I did not fall in love that night. Or on any of the half dozen dates we went on over the next few months. In fact, not long after we met I fell in love with someone else.

Over a year later, heart-broken, defeated, deflated and no longer dressed as a pirate, I did fall in love. With that person who always made me laugh, made me think, made me look forward to the next phone call or email or text message.

Despite the oddness of our first meeting, it is our second first date that is the more powerful memory. Drinking cava*, eating churros, deciding, on the spur of the moment to take a holiday to Ireland**, realising a comfort and comfortableness in just being my silly, off-beat, opinionated, passionate, intelligent self. I fell in love on our second first date.

Two moments, two chances.

I recently met my brother’s ‘new’ girlfriend for the first time.***

It turns out she is allergic to onions.

My brother, who has been dating her for nearly 18 months, forgot to tell me.

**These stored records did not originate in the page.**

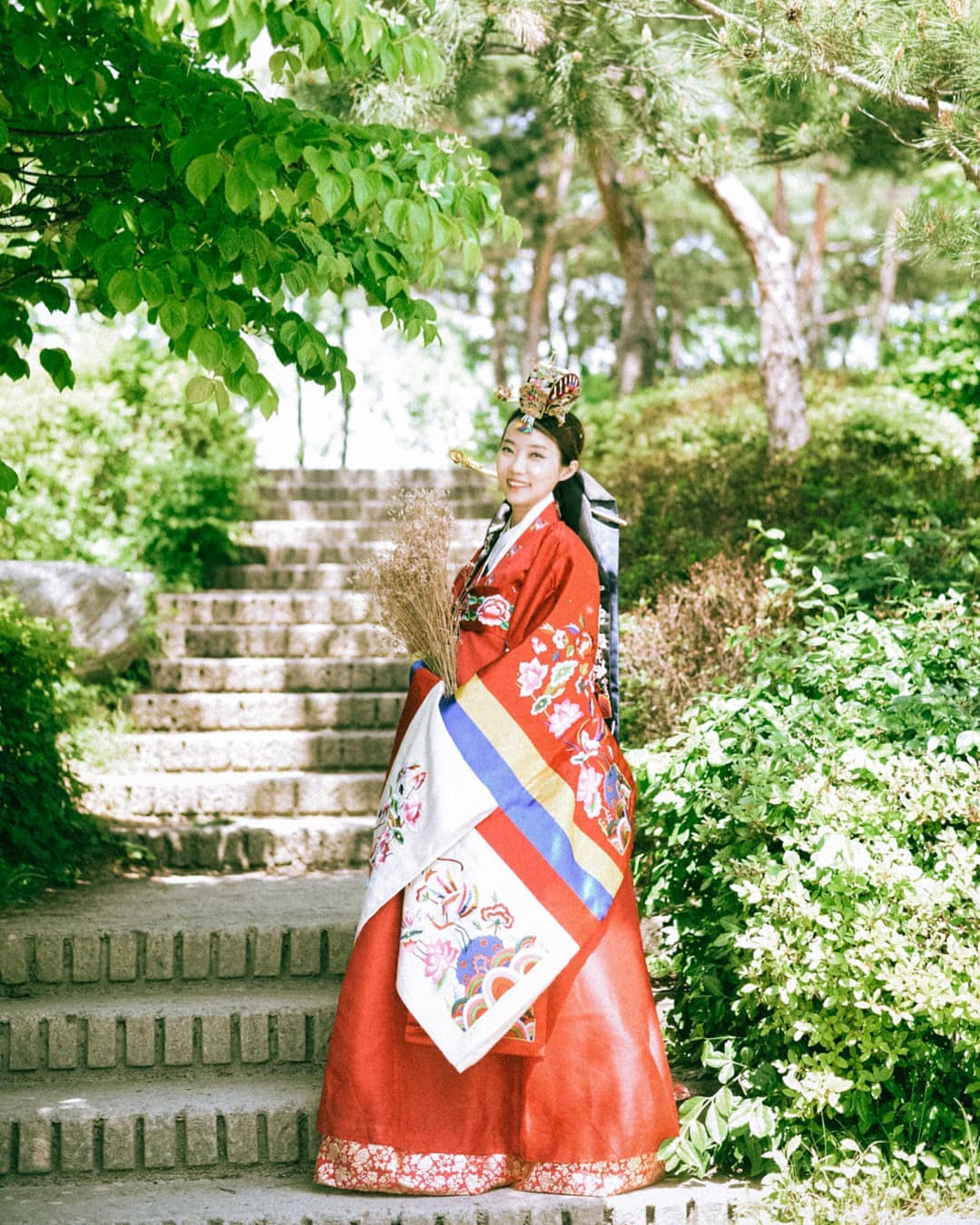 Traditional Korean Clothing - 17 Beautiful Korean Outfits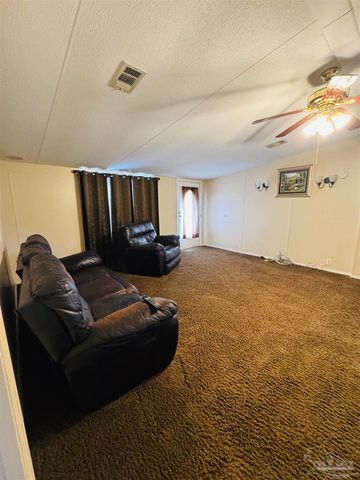 5568 Forest Hills Ln, Milton, FL 32570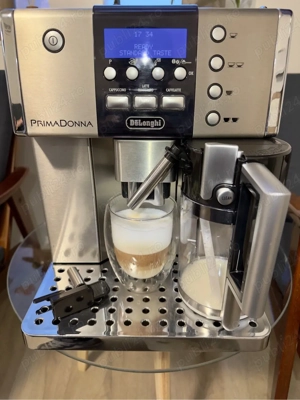 Espressor automat Delonghi PrimaDonna cu cana spumare automata lapte - garantie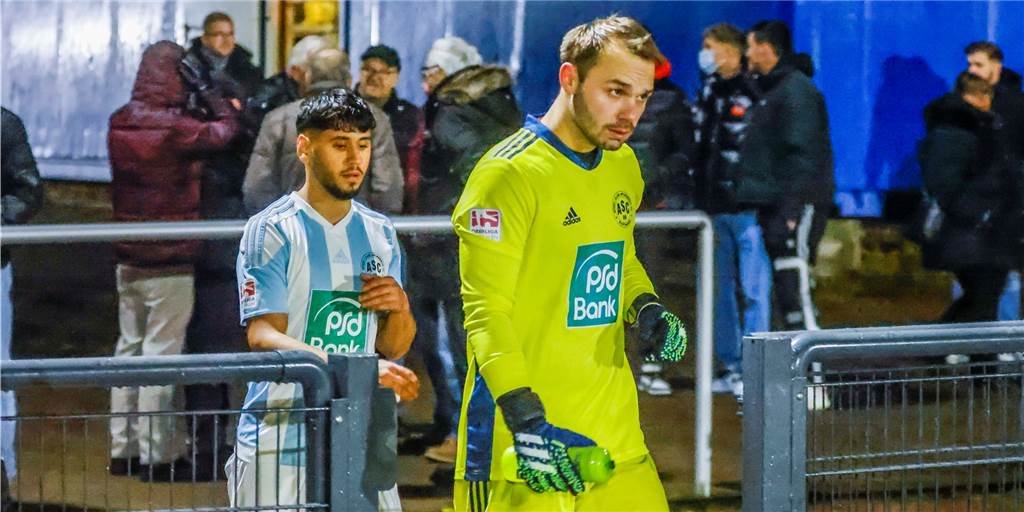 Schlimme Diagnose: Für Aplerbecks Torwart Jan Held ist die Saison gelaufen Schlimme Diagnose: Für Aplerbecks Torwart Jan Held ist die Saison gelaufen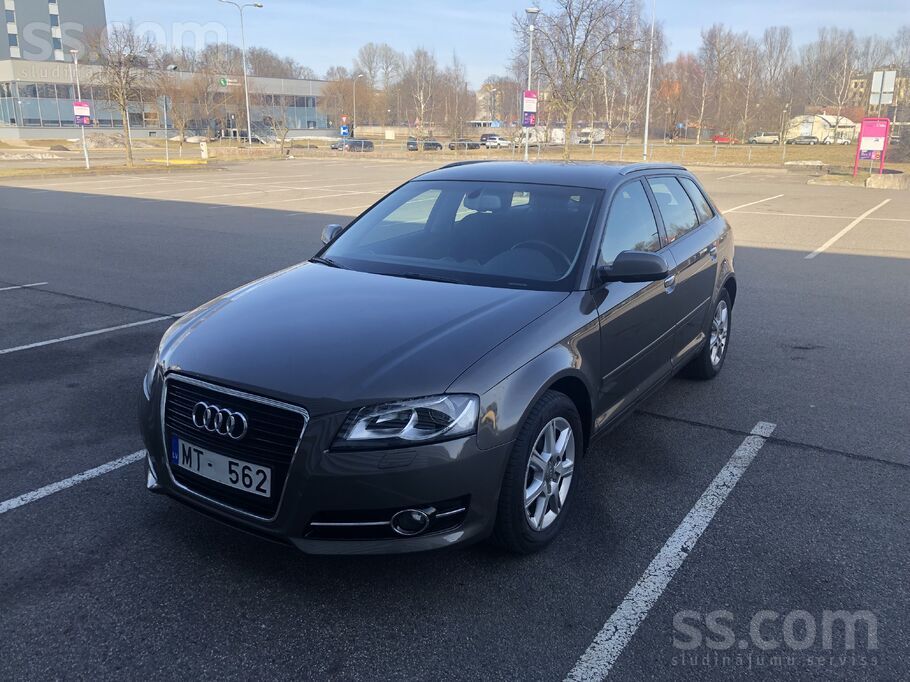 Audi Audi A3 Sportback. 2012 gads. 178000 km. Bi-Xenona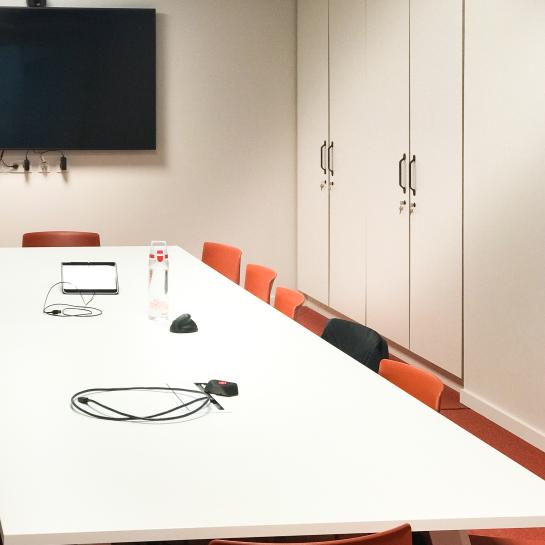BIB_meeting room
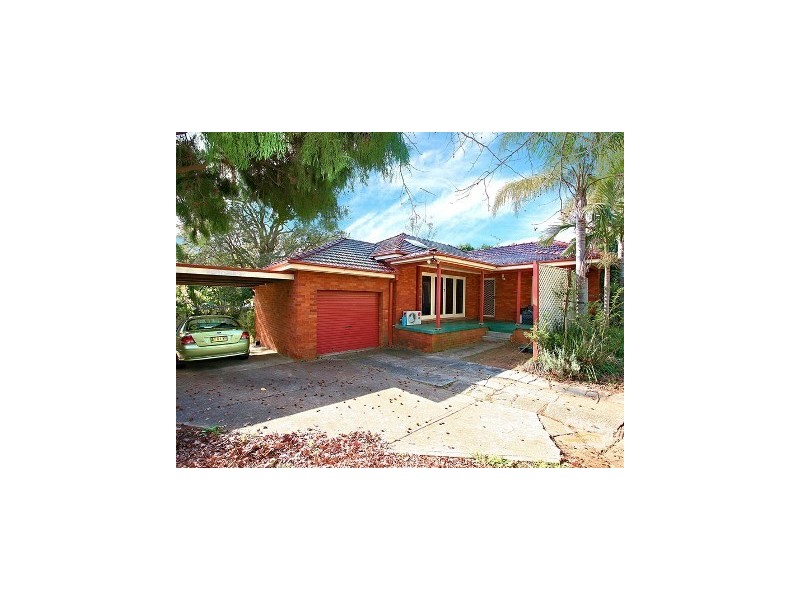 8 Cecil Ave, Castle Hill NSW 2154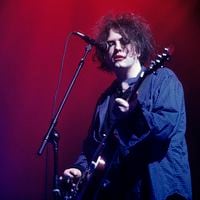 La cuarentena de Robert Smith: el confinamiento lo pasó “terminando” el nuevo disco de The Cure y un álbum solista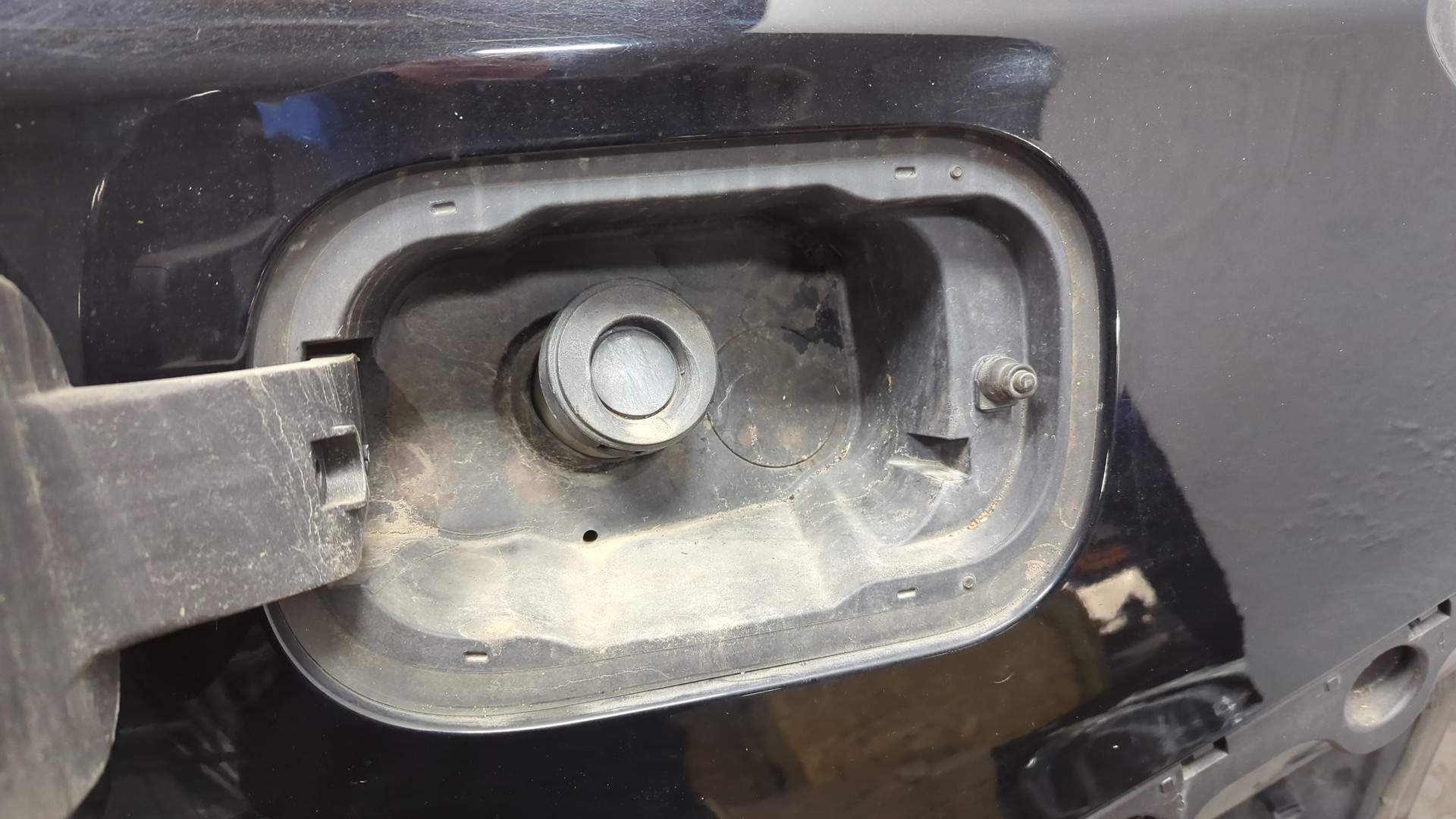 Кузовной элемент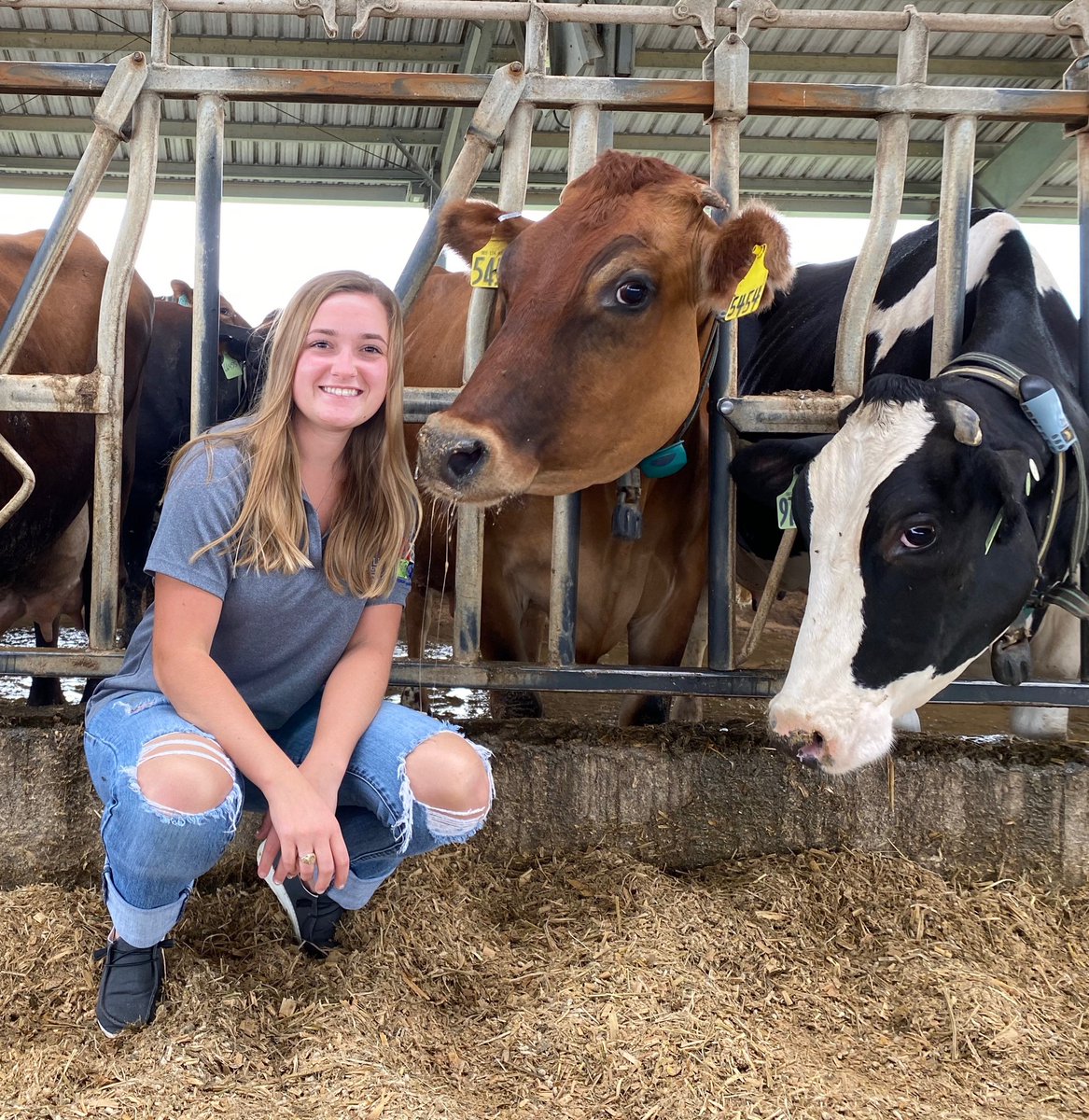 TEXAN TUESDAY! Name: Paige Bielamowicz
Position: Student worker/undergraduate research assistant
Future plans: Obtain a masters in dairy science 
Hometown: College Station,TX
Fav dairy product: cheese
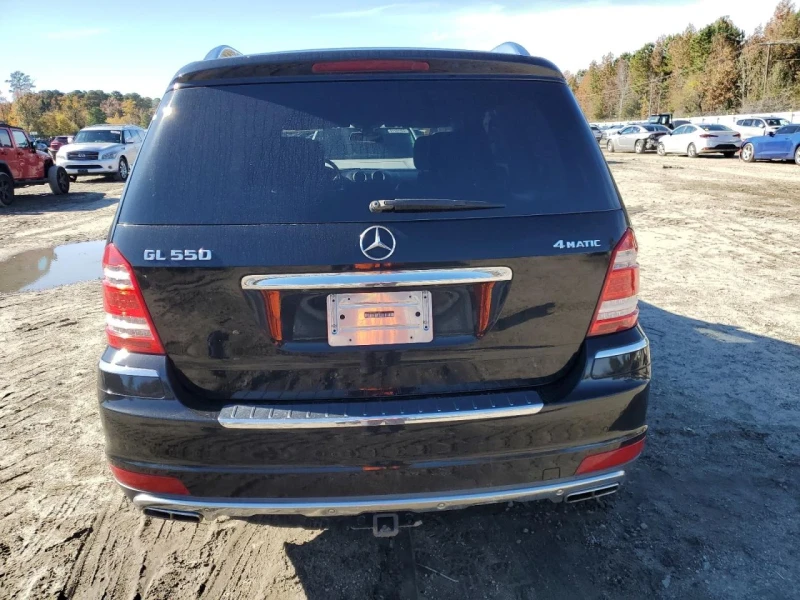 Mercedes-Benz GL 550 AMG 4 MATIC, снимка 6 - Автомобили и джипове - 52424325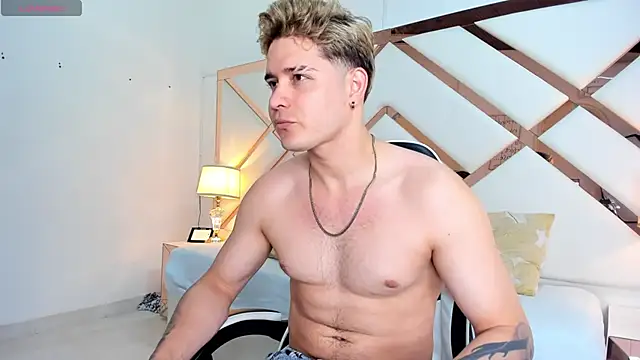 rayan linxx online show from March 2026 07:29:01 PM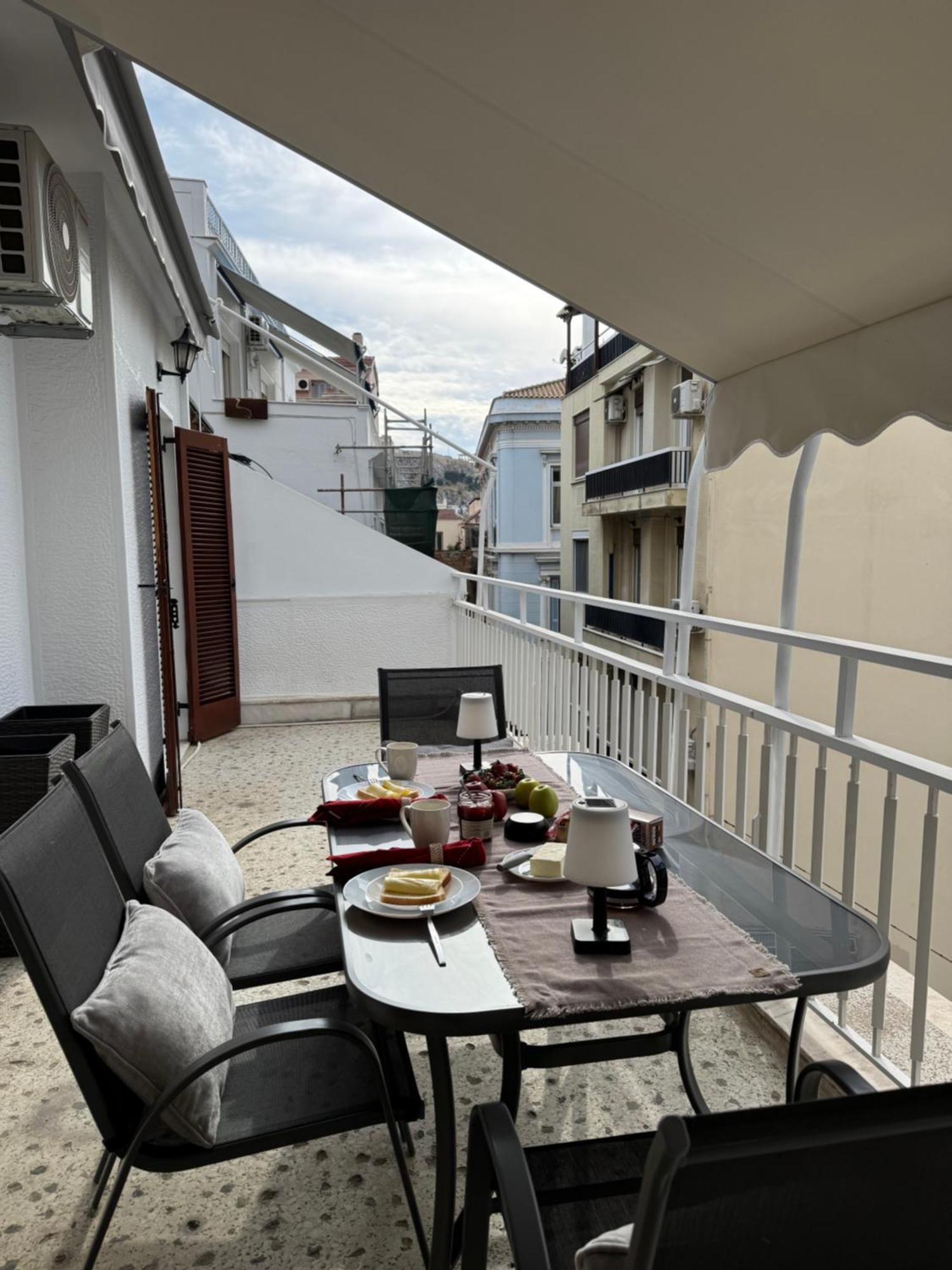 Living Near Acropolis By Sylvia Staikou 2Nd & 3D Floor Apartman Athén Kültér fotó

I have friends who are celiac and lactose intolerant. Who have nut allergies and egg allergies. Who are diabetic. Who get migraines from the moulds in blue cheeses. Vegetarian and vegan. Who eat kosher or halal.

It is not hard to cook for any of these people. It is a pleasure, maybe even more of a pleasure, because there is a challenge to creating beautiful food within restrictions. In not just preparing a ‘normal’ meal, minus some element, but in preparing something delicious, whole in itself, with nothing lacking.

It’s not hard, as long as you know. So the smoked salmon entre, laced with finely minced Spanish onion (not just large dice, able to be easily and politely picked out and set aside), could not have been a worse first impression for either of us. She, embarrassed and subtly scaping off the offending poison, and me, mortified that I should have served something so inedible.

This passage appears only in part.